The Super Project Manager – Joseph Locke


Yesterday at the APM Conference there was a talk from Dr Martin Barnes CBE on How to Make Relationships Work and Why it Matters. In part of the presentation, Dr Barnes played tribute to a super project manager Joseph Locke. This super project manager was named this because it was believed that Joseph Locke was a project manager who consistently delivered on time and within budget throughout his career. Dr Barnes asked the audience how many people had heard of Joseph Locke but only three people did. One of them being me.

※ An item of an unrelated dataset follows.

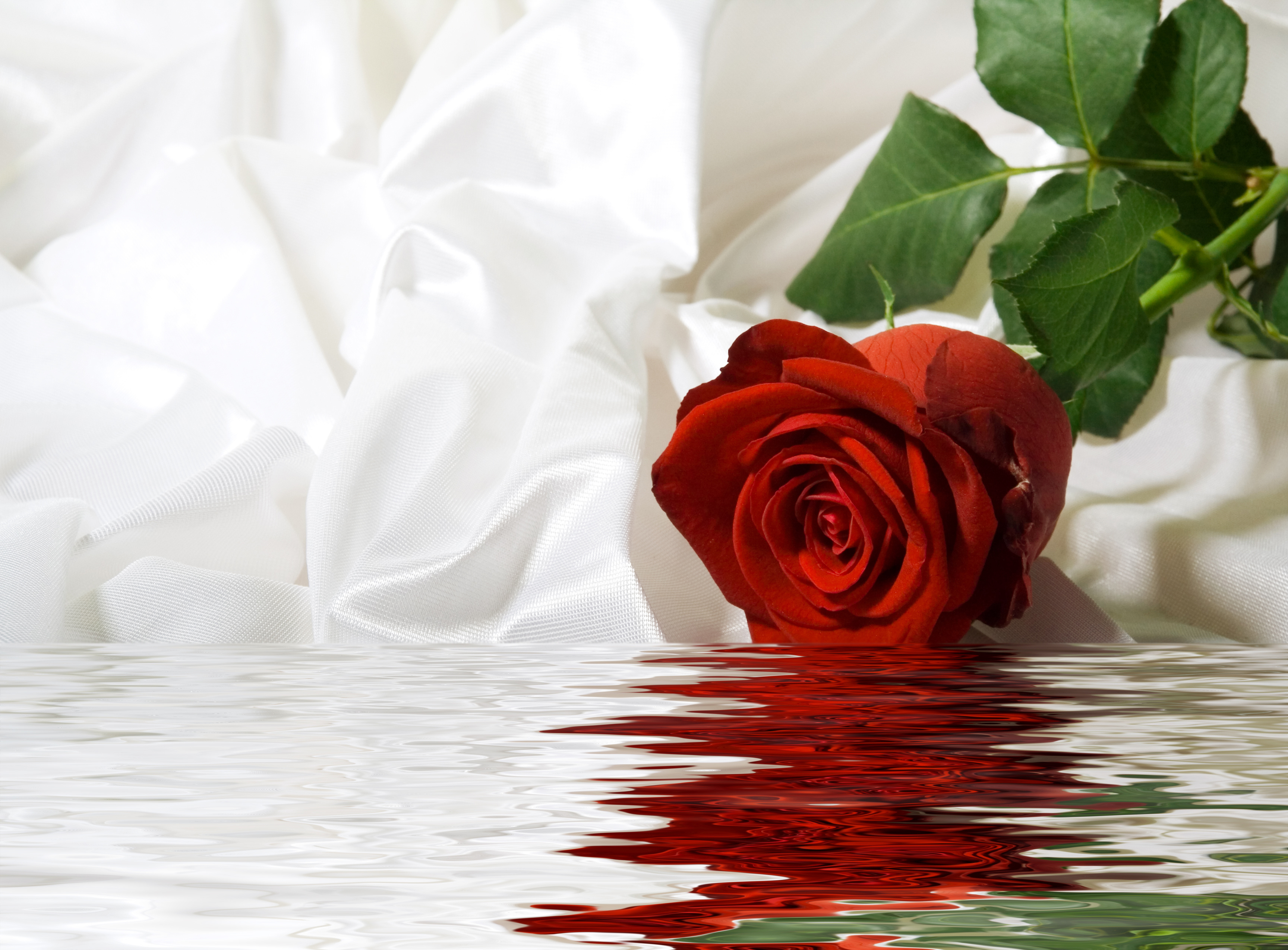 rose de l'eau fond d'écran hd,rouge,blanc,la nature,rose,fleur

The only reason I had heard the name before was because he was the imposing statue in my childhood local park; little did I know that the statue we used to look at each week was a project manager and many years later I would work in that field too. Naturally I’m intrigued and there’s a few websites that feature Joseph’s biography; essentially he was a railway project manager. Born in 1805 in Sheffield, he was brought up in my hometown of Barnsley in Yorkshire.

Locke later became an apprentice with Stephenson,  he went on to build the “Lancaster & Carlisle line, 1843-6; parts of the East Lancashire R 1846 7; Scottish Central 1845; Caledonian Railway (Carlisle Glasgow and Edinburgh) 1848; Scottish Midland and Aberdeen Railways; Greenock docks; and a line from Mantes to Caen and Cherbourg, 1852″

A very busy project manager and railway engineer!

His speciality was building railways with no tunnels, choosing to cut deep sides through landscapes ensuring the lines today can operate at high speed. “An example of this is no tunnels between Birmingham and Glasgow”.

So what made him a super project manager?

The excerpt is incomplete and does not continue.